# [EXERCISE DIRECTIONS]
Among the entries, which lines carry the string "background"? Copy each of them.

________________

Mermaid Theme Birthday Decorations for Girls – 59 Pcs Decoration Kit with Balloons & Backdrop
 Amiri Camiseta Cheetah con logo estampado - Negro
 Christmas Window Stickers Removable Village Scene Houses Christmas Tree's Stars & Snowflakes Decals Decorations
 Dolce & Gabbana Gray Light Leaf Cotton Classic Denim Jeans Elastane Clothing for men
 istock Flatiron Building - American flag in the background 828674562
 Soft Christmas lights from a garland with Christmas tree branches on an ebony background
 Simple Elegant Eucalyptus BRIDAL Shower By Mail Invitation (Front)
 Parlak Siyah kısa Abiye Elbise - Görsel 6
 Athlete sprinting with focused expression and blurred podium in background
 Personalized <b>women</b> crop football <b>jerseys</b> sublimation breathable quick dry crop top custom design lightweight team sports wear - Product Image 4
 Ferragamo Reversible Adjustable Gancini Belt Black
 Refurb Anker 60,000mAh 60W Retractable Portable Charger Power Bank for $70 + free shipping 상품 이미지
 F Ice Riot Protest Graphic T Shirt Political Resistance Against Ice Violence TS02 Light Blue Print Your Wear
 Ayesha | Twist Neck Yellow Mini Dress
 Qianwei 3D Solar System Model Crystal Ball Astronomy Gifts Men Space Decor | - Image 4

________________

# [TASK RESULT]
 istock Flatiron Building - American flag in the background 828674562
 Soft Christmas lights from a garland with Christmas tree branches on an ebony background
 Athlete sprinting with focused expression and blurred podium in background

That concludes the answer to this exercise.